For that which I do I allow not: for what I would, that do I not; but what I hate, that do I.
If then I do that which I would not, I consent unto the law that it is good.
Now then it is no more I that do it, but sin that dwelleth in me.
For I know that in me that is, in my flesh, dwelleth no good thing: for to will is present with me; but how to perform that which is good I find not.
For the good that I would I do not: but the evil which I would not, that I do.
Now if I do that I would not, it is no more I that do it, but sin that dwelleth in me.
I find then a law, that, when I would do good, evil is present with me.
For I delight in the law of God after the inward man:
But I see another law in my members, warring against the law of my mind, and bringing me into captivity to the law of sin which is in my members.
O wretched man that I am! who shall deliver me from the body of this death?
25. I thank God through Jesus Christ our Lord. So then with the mind I myself serve the law of God; but with the flesh the law of sin.
That battle between sin and righteousness that Paul faced each day is a battle that we face. We can pretend like we don’t face it, or we can confront the realities of being a person of faith led by the Holy Spirit who lives within a human body subject to the same constraints faced by Paul. We can eat the unleavened bread of sincerity and truth seeing the daily battle between sin and righteousness or we can eat of the leaven of the Pharisees and pretend we are spiritually something that we are not.

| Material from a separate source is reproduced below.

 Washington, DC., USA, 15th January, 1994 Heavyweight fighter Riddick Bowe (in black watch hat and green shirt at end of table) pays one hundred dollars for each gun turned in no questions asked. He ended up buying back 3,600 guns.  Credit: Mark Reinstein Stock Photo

Living a spiritually focused life with our human bodies should be a constant reminder of sin, and a constant reminder that it is through Jesus that we attain eternal life. As we are living our life, we are not to live a life of hypocrisy, but of sincerity and truth. We can read the words of Peter to help us do this by knowing through the Holy Spirit we have a taste of the divine nature of God and with this gift we must through diligence exercise our faith and grow virtue, knowledge, temperance, patience, godliness, brotherly kindness, and love so that one day we can be part of the Kingdom of God.
2 Peter 1:1-11
Simon Peter, a servant and an apostle of Jesus Christ, to them that have obtained like precious faith with us through the righteousness of God and our Saviour Jesus Christ:
Grace and peace be multiplied unto you through the knowledge of God, and of Jesus our Lord,
According as his divine power hath given unto us all things that pertain unto life and godliness, through the knowledge of him that hath called us to glory and virtue:
Whereby are given unto us exceeding great and precious promises: that by these ye might be partakers of the divine nature, having escaped the corruption that is in the world through lust.
And beside this, giving all diligence, add to your faith virtue; and to virtue knowledge;
And to knowledge temperance; and to temperance patience; and to patience godliness;
And to godliness brotherly kindness; and to brotherly kindness charity.
For if these things be in you, and abound, they make you that ye shall neither be barren nor unfruitful in the knowledge of our Lord Jesus Christ.
But he that lacketh these things is blind, and cannot see afar off, and hath forgotten that he was purged from his old sins.
Wherefore the rather, brethren, give diligence to make your calling and election sure: for if ye do these things, ye shall never fall:
For so an entrance shall be ministered unto you abundantly into the everlasting kingdom of our Lord and Saviour Jesus Christ.
Today and throughout this feast, we are to eat unleavened bread, having removed leaven from our homes. We are reminded of the words of Jesus who explained He was the Bread of Life and how the religious authorities of His day were hypocrites. We cannot become religious hypocrites today. We are reminded by Paul of the need to keep this feast not with the leavened bread of hypocrisy, but the unleavened bread of sincerity and truth. Let us keep this feast with the unleavened bread of sincerity and truth.
All verses are from the King James Version.